··· Material provided

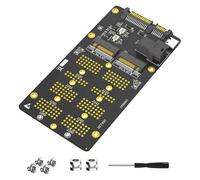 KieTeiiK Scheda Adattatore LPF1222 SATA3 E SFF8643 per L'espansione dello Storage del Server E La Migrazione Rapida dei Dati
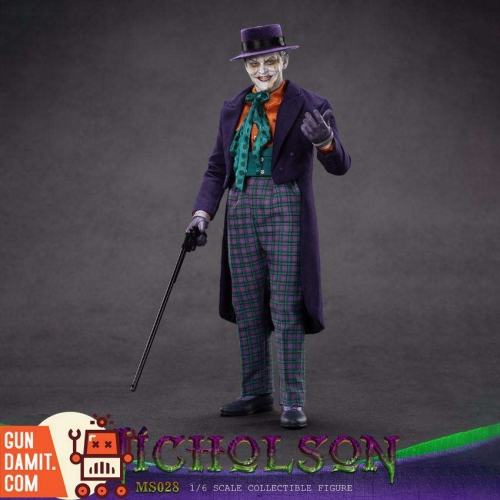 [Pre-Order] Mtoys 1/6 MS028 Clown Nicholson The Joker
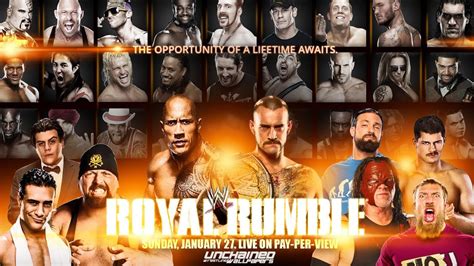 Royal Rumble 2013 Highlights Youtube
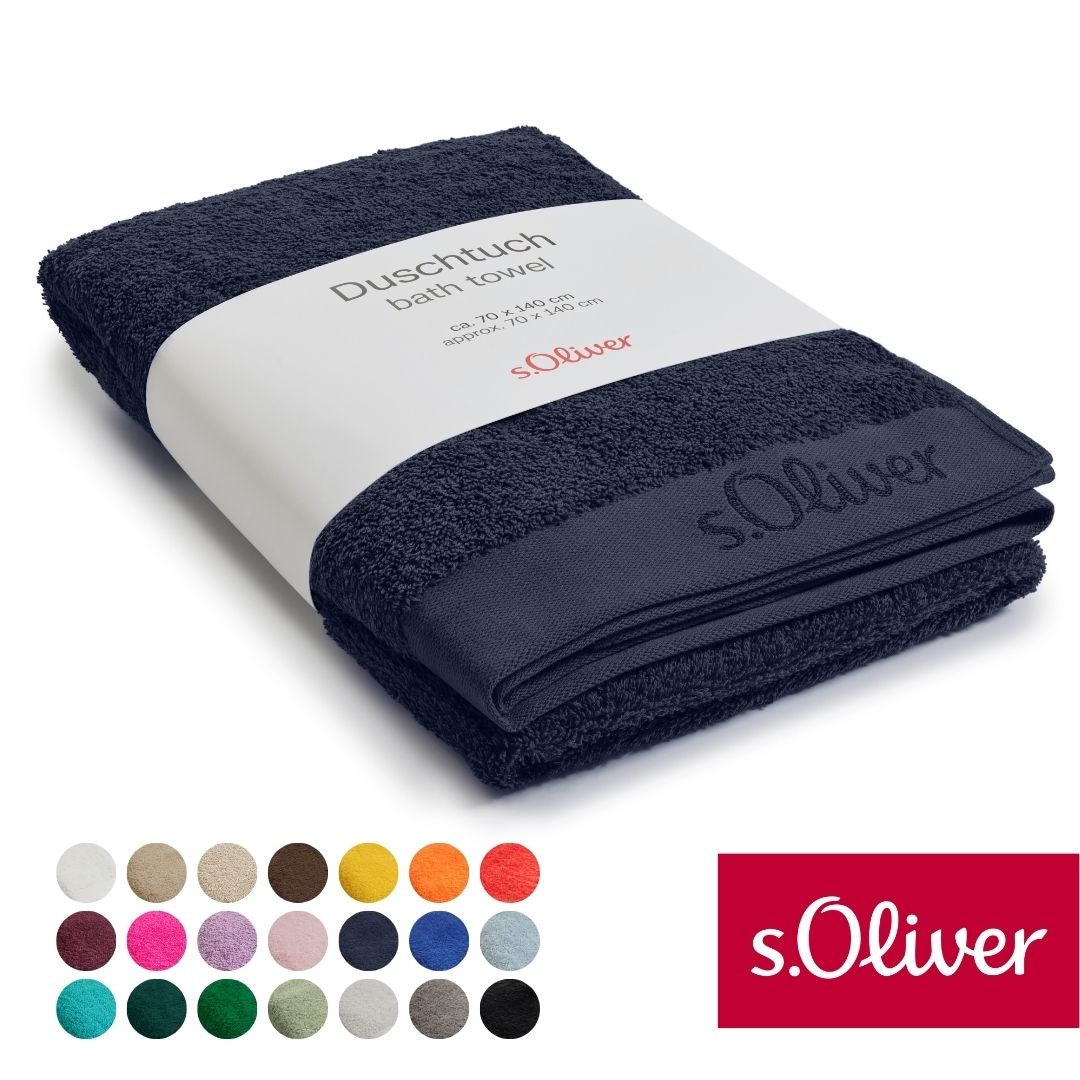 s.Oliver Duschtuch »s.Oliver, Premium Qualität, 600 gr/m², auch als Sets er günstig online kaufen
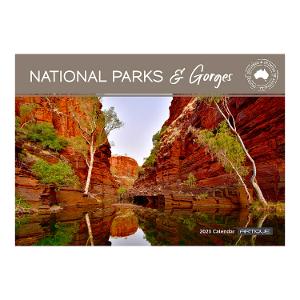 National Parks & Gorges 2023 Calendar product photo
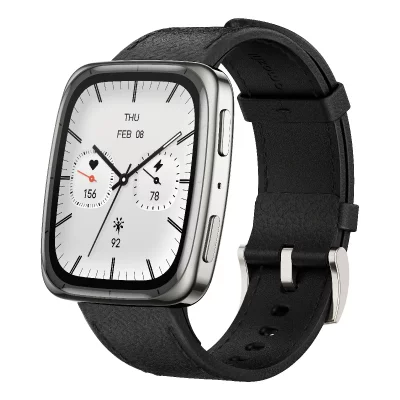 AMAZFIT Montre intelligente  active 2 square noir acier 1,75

······
··· Material provided

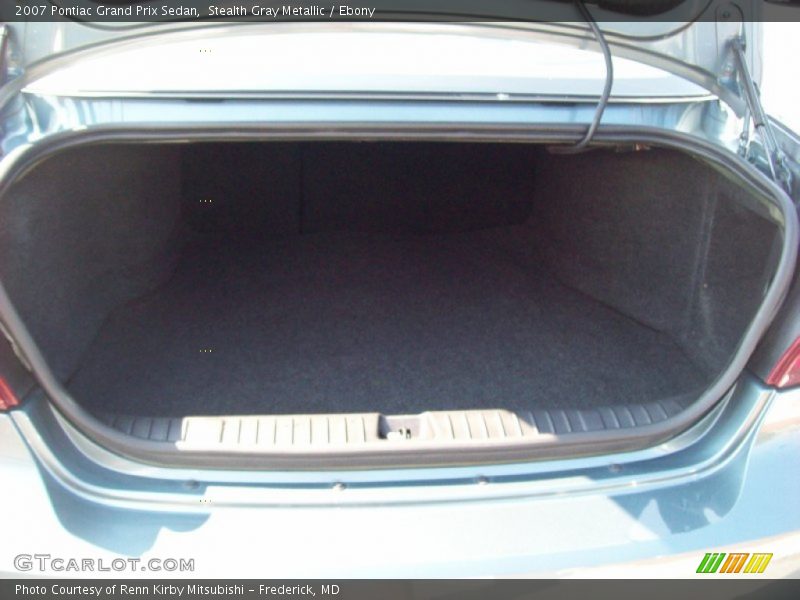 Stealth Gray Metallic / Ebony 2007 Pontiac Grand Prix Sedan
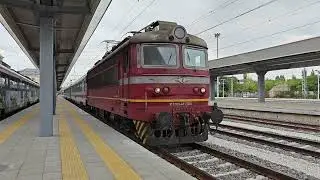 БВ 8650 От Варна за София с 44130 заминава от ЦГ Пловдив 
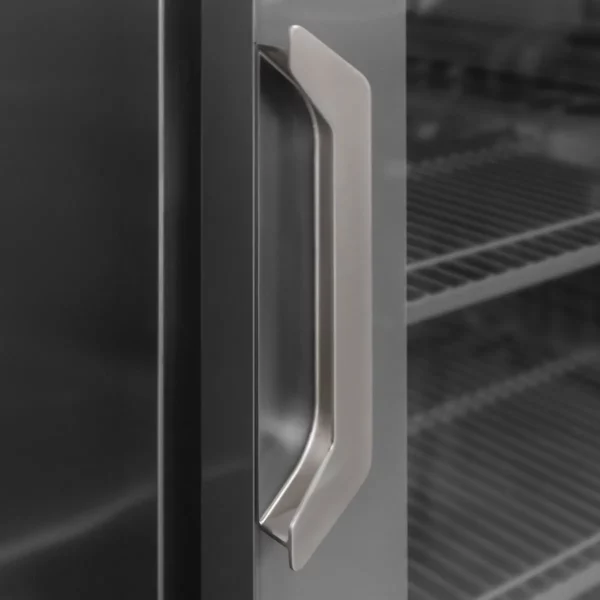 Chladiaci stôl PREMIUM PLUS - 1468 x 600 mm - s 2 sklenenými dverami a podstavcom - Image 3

······
··· Material provided

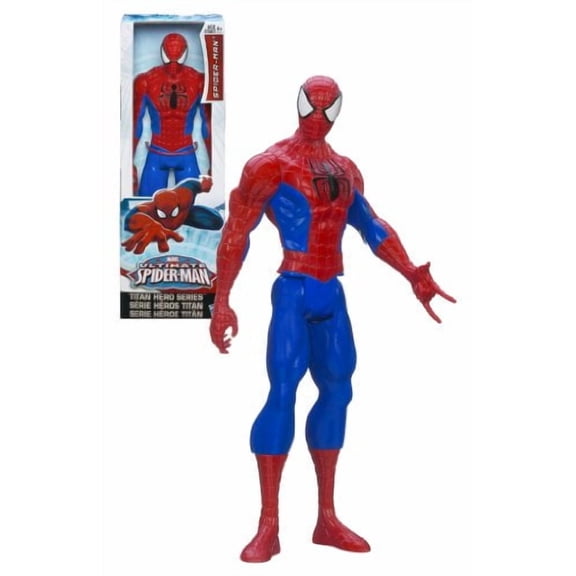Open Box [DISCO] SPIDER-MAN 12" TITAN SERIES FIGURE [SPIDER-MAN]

······

• Try it
Excerpt from the records above: set down only the lines from the one that contains "БВ 8650 От Варна" through the one that contains "Chladiaci stôl PREMIUM", inclusive, word for word. Pictures stay out.

• Exercise output
 БВ 8650 От Варна за София с 44130 заминава от ЦГ Пловдив 
 Chladiaci stôl PREMIUM PLUS - 1468 x 600 mm - s 2 sklenenými dverami a podstavcom - Image 3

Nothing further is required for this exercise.